* Problem to work on: Among the records below, find the lines containing "with" and state only how many there are.

* The records:

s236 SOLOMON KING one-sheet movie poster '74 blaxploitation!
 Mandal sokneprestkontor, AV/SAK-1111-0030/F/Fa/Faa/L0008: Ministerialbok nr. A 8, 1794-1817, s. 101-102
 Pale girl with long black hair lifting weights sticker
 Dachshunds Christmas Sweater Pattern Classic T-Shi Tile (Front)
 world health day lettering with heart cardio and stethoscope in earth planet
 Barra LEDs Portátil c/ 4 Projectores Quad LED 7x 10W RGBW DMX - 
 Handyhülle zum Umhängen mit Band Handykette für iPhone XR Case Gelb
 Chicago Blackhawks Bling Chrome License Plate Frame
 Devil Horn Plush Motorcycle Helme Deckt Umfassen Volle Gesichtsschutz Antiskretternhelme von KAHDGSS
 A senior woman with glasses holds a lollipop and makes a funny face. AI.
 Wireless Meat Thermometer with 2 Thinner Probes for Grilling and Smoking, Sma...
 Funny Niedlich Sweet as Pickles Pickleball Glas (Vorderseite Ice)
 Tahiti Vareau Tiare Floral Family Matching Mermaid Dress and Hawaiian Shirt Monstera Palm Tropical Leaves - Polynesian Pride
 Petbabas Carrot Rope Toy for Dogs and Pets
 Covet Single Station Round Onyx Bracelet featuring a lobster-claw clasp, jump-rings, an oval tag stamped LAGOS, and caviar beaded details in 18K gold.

* Answer section: 4